In our last publication on the draft Harper Review, we examined the Harper Panel’s draft recommendations for reform of the cartel provisions. The Harper Panel has stood by these recommendations citing that a simplification of the cartel provisions will result in greater efficiencies in both compliance and enforcement activities.

This is not at odds with its general statement that the Competition and Consumer Act 2010(Cth) (Act) is ‘unnecessarily complex’. Removing this complexity ought to result in reduced direct costs arising from legal advice and prolonged legal disputes, and indirect costs arising from business and regulatory uncertainty.

Recommendations of this simplification in the cartel provisions include:

  • reducing the scope of the provision to conduct involving actual or likely competitors (on the balance of probabilities) rather than parties which are a mere possibility of being competitors;
  • a broader exemption for joint venture firms to remove uncertainty about whether their conduct will be subject to anti-competitive provisions; and
  • removing some of the exclusionary provisions and broadening the definition of ‘cartel conduct’ to address the gap in the law by doing so.

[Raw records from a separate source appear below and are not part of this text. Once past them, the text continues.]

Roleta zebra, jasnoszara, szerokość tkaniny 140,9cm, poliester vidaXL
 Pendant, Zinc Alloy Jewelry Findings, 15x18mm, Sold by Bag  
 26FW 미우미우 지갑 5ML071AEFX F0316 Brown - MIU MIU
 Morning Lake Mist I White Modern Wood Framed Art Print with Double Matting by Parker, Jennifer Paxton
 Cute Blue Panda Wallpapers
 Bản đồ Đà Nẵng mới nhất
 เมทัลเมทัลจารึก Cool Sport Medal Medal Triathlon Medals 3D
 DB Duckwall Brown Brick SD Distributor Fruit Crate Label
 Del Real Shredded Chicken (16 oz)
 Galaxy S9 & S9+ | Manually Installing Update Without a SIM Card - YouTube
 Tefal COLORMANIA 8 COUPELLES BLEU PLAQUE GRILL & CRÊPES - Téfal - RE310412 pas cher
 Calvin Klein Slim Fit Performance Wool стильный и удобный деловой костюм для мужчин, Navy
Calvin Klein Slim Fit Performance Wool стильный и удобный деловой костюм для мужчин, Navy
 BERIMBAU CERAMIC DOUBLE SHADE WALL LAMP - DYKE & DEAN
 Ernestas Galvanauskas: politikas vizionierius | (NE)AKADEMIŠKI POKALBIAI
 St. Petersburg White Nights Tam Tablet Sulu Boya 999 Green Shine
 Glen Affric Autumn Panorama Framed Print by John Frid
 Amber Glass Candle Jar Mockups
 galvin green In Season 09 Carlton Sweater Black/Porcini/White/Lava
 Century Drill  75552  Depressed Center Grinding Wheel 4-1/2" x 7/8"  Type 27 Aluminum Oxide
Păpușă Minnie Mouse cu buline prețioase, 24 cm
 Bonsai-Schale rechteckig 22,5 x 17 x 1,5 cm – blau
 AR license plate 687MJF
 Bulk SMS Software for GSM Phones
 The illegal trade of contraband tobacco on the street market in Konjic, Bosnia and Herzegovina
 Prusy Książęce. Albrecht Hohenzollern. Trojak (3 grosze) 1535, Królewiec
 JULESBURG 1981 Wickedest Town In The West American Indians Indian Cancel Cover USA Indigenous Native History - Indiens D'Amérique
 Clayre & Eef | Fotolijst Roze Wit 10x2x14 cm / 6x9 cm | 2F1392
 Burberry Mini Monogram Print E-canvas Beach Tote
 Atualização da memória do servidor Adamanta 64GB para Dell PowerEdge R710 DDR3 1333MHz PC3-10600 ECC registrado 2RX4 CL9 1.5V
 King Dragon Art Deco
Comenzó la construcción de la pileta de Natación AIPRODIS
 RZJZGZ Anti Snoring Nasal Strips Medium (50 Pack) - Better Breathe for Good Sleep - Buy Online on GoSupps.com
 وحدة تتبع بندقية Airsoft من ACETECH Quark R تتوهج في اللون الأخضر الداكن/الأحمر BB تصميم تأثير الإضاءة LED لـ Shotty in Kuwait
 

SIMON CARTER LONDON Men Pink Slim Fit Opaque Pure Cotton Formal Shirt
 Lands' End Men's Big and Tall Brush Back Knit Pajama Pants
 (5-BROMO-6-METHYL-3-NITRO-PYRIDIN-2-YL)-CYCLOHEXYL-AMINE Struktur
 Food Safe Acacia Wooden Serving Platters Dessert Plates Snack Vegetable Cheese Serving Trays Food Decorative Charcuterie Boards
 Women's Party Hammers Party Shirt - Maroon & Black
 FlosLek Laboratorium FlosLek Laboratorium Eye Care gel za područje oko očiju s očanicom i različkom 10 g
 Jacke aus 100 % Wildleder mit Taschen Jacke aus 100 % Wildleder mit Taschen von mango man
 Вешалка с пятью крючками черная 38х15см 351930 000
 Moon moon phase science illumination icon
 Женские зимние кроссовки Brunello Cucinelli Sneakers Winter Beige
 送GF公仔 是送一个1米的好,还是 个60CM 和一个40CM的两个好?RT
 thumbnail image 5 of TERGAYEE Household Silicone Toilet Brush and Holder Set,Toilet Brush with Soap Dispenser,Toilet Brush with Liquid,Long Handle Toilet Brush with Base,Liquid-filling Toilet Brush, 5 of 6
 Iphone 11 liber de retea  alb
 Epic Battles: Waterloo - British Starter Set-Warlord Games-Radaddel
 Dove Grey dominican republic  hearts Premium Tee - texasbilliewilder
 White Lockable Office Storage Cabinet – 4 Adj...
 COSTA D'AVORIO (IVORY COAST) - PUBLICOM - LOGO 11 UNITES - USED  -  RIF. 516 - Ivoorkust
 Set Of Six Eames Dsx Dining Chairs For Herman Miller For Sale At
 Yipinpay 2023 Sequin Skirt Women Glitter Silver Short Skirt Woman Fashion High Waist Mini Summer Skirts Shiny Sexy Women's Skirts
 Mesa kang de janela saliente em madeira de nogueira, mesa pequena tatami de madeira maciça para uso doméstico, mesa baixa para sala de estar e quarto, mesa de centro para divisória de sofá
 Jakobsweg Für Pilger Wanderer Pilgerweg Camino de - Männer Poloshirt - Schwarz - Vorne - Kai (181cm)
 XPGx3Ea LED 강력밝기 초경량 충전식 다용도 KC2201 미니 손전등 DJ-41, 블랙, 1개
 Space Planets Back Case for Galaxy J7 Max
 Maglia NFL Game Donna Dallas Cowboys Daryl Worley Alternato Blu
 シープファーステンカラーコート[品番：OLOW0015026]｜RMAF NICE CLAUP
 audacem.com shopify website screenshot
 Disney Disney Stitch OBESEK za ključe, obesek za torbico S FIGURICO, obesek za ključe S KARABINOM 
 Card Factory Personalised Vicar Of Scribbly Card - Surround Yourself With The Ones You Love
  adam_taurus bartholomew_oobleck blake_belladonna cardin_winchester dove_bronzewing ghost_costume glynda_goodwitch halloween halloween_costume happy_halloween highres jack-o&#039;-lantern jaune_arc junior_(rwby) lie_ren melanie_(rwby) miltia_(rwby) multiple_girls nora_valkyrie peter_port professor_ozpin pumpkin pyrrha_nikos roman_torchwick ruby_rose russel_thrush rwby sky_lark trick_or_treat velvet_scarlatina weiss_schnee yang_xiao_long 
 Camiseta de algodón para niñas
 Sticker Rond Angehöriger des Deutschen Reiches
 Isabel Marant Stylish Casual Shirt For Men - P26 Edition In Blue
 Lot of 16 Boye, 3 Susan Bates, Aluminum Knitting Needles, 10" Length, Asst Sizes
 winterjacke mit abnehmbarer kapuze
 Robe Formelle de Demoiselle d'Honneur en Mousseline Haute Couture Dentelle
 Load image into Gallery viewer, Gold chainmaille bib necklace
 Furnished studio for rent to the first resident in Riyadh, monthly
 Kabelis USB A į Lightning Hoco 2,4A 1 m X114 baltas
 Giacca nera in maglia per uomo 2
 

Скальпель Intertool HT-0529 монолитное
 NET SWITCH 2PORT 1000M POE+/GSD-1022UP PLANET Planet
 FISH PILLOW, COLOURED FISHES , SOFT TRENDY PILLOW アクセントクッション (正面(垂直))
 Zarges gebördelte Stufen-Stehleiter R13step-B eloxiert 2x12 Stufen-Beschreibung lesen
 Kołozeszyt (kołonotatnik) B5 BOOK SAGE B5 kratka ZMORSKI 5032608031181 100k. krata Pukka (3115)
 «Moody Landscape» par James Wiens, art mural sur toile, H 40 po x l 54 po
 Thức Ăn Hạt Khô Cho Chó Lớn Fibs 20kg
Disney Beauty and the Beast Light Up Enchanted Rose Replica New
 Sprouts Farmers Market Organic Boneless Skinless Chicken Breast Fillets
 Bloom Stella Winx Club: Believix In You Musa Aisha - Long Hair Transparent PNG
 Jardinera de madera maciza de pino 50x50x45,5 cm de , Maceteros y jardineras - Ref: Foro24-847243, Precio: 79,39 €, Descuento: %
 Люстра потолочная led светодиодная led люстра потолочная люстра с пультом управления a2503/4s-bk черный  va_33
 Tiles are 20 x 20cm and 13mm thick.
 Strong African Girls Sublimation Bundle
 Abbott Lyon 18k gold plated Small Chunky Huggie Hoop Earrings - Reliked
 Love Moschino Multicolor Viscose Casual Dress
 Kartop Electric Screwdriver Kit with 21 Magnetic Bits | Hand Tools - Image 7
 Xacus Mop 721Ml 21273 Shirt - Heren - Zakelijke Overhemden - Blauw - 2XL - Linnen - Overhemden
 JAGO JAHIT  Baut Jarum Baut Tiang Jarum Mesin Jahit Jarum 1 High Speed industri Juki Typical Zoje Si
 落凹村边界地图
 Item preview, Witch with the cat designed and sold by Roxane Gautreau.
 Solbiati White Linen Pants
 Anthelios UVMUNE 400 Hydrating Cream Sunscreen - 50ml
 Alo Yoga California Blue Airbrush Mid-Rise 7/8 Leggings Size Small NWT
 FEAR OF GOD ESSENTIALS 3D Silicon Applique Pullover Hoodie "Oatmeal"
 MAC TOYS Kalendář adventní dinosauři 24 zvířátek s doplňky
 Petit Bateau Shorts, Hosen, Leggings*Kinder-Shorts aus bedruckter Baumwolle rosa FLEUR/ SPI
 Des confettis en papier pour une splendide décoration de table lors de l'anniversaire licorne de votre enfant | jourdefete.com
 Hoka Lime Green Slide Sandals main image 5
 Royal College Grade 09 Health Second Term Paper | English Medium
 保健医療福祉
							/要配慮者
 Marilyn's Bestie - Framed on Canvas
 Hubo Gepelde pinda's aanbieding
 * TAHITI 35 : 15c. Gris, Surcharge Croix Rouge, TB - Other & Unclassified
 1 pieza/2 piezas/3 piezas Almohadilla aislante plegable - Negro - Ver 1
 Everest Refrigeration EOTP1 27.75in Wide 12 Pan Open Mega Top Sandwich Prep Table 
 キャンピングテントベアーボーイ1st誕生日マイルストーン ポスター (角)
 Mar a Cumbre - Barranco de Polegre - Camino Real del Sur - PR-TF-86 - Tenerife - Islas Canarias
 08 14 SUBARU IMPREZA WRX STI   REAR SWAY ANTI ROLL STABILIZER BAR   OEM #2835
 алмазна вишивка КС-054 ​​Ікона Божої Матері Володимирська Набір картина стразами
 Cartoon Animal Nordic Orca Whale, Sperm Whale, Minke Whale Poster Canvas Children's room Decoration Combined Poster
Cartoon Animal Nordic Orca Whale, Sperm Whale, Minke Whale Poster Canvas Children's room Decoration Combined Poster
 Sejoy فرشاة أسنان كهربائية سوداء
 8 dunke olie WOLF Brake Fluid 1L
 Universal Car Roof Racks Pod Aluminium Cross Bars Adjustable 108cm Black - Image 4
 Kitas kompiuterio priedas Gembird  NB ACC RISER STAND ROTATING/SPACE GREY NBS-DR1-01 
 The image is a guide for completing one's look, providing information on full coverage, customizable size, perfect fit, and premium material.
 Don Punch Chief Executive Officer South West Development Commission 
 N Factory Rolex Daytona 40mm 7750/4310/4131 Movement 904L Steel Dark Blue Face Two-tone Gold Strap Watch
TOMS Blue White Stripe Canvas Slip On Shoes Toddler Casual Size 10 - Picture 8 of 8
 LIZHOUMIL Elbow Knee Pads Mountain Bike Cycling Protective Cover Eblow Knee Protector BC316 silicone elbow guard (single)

Contrary to the ACCC’s concerns that adoption of the Harper Panel’s draft recommendations would ‘significantly weaken Australia’s cartel laws’, the Harper Panel has, in its final report, maintained that simplification of the cartel laws will maintain the policy intent of the provisions.

Misuse of Market power

The most controversial of the recommendations brought forward by the Harper Panel is the market power provisions under section 46. The ACCC, through its chairman Rod Sims, believes that as the law currently stands, it is too difficult to establish a misuse of market power under the current ‘take advantage of’ test. The Harper Panel has suggested redefining ‘take advantage’ to better understand the ‘causal link between the substantial degree of market power and anti-competitive purpose’.

Along with this change, the controversial ‘effects test’ is recommended to replace the ‘dominant purpose test’. This is not a new concept having already been applied to section 45 (anti-competitive agreements), section 47 (exclusive dealing) and section 50 (mergers).  As the review panel has noted:

‘The primary prohibition in section 46 of the CCA should be re-framed to prohibit a corporation that has a substantial degree of power in a market from engaging in conduct if the proposed conduct has the purpose, or would have or be likely to have the effect, of substantially lessening competition in that or any other market.’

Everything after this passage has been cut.